Royce began his tenure at the University of Oregon in 1964. Over the course of five decades, he served as professor of choral music, associate dean of the School of Music, national president of the American Choral Directors Association (ACDA), a founding member and president of the International Federation of Choral Music (IFCM), and co-founder and executive director of the Grammy-winning Oregon Bach Festival. He was also an integral member of the Civic Center Commission and the Performing Arts Center Commission, which brought the Hult Center for the Performing Arts to Eugene.

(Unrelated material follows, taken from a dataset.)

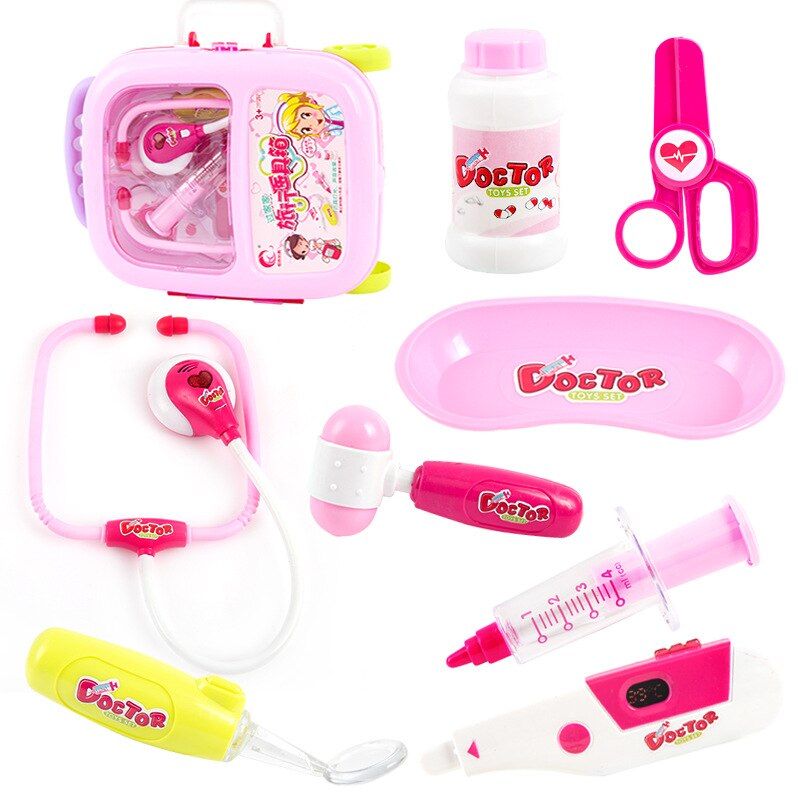 Børn læge legetøjssæt baby medicin æske 3-6 år lille pige lege injektionssimuleringsværktøjer lade som om legetøj til piger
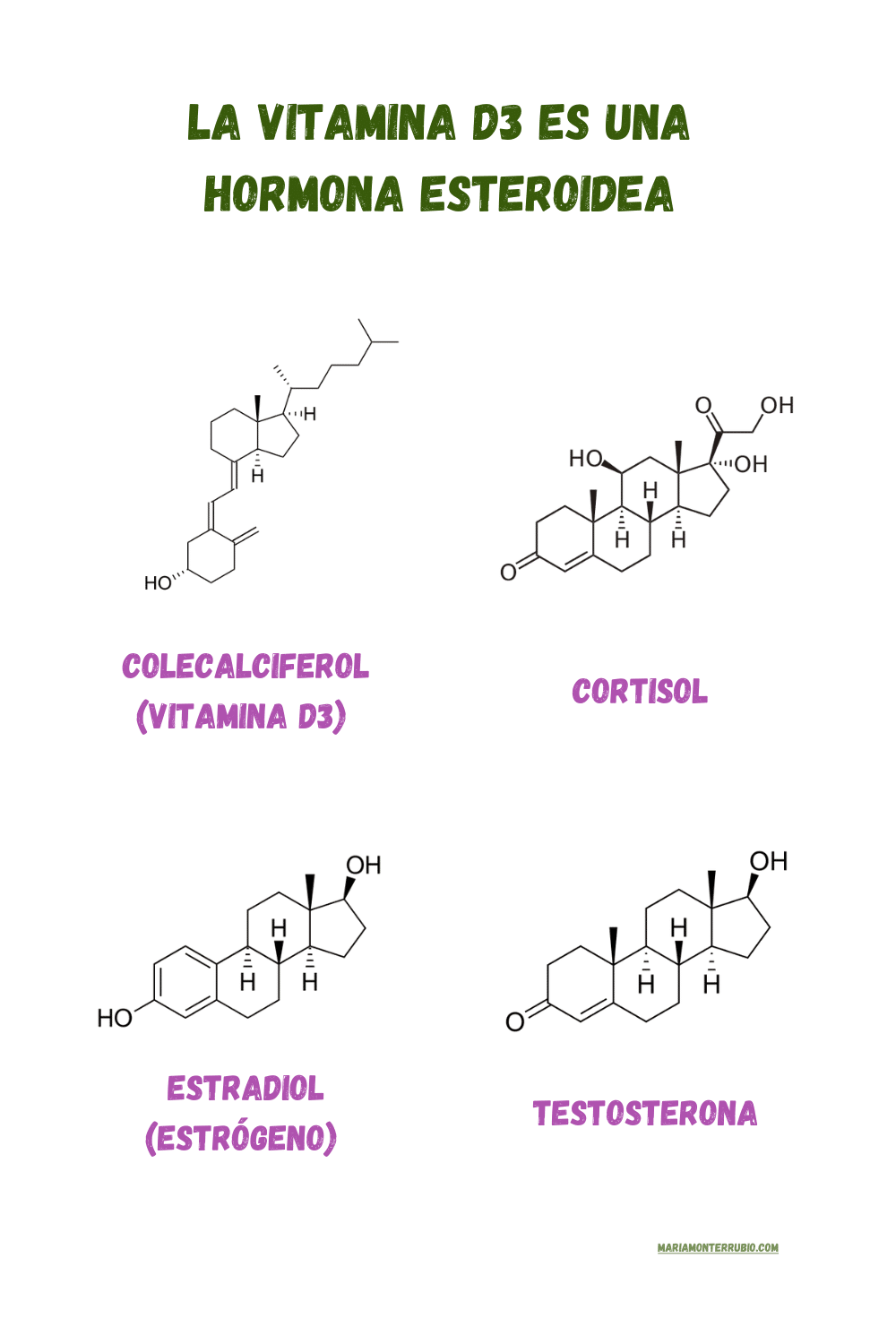 estructura molecular de la vitamina d3 y otras hormonas esteroideas (derivadas del colesterol)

After founding the Summer Festival of Music in 1970, Royce grew the small workshop and concert series into the three-week, international, multi-million-dollar Oregon Bach Festival. During his 37 years at the helm, he took the festival to the Hollywood Bowl, secured a recording contract with Hänssler Verlag, and commissioned multiple new works – including Krzysztof Penderecki’s Credo, which went on to win a Grammy Award for Best Choral Performance. He was responsible for introducing maestro Helmuth Rilling to U.S. audiences and passed his love of choral music down through the highly regarded OBF youth choral academy, which he launched in 1998 with Dr. Anton Armstrong.
Together, Royce and Helmuth formed a festival that was equally committed to excellence in music and to creating relationships. Year after year, Royce and his wife, Phyllis, opened their home for large receptions and intimate dinners to musicians from around the world, who often commented on the unique quality of OBF, which felt like family.
“Royce changed my life,” recalls long time OBF staff member, Marla Lowen. “OBF was guided by his kind, thoughtful, fair, and caring leadership. He always treated the staff and their families with the utmost respect and regard. He humbly deflected attention and praise directed toward him, insisting that everyone contributed to the success of the festival. Royce touched more lives than anyone can possibly imagine.”
In 1994, Royce received the highest honor bestowed by the German government – the Officer’s Cross of the Order of Merit of the Federal Republic of Germany – for initiating a cultural exchange that brought together the musicians and musical heritage of Germany and the United States. In 1996, he received a Distinguished Service Award from the University of Oregon. Throughout his career, Royce was awarded Chorus America’s Distinguished Service Award, ACDA’s highest recognition, The Robert Shaw Award, lifetime achievement awards from the IFCM (Macao) and the 6th World Children’s Choir Festival (Hong Kong). Locally, Royce was awarded the Eugene Symphony’s “Advocate for the Arts,” and honored by the Seventy-Seventh Oregon State Congressional Assembly for Cultural Contribution to the State of Oregon.
Royce retired as the festival’s executive leader in 2007 but remained director emeritus and an active part of the advisory board.
While there will be no public remembrance service, OBF will honor Royce’s legacy with a Celebration of Life during the 2023 festival. For those who wish to personally commemorate Royce, public and private digital messages may be sent through an online OBF form. Public messages will be published to the OBF website. Donations may be made in Royce’s name to the Oregon Bach Festival Saltzman Sustaining Endowment to help support future artistic and educational programs.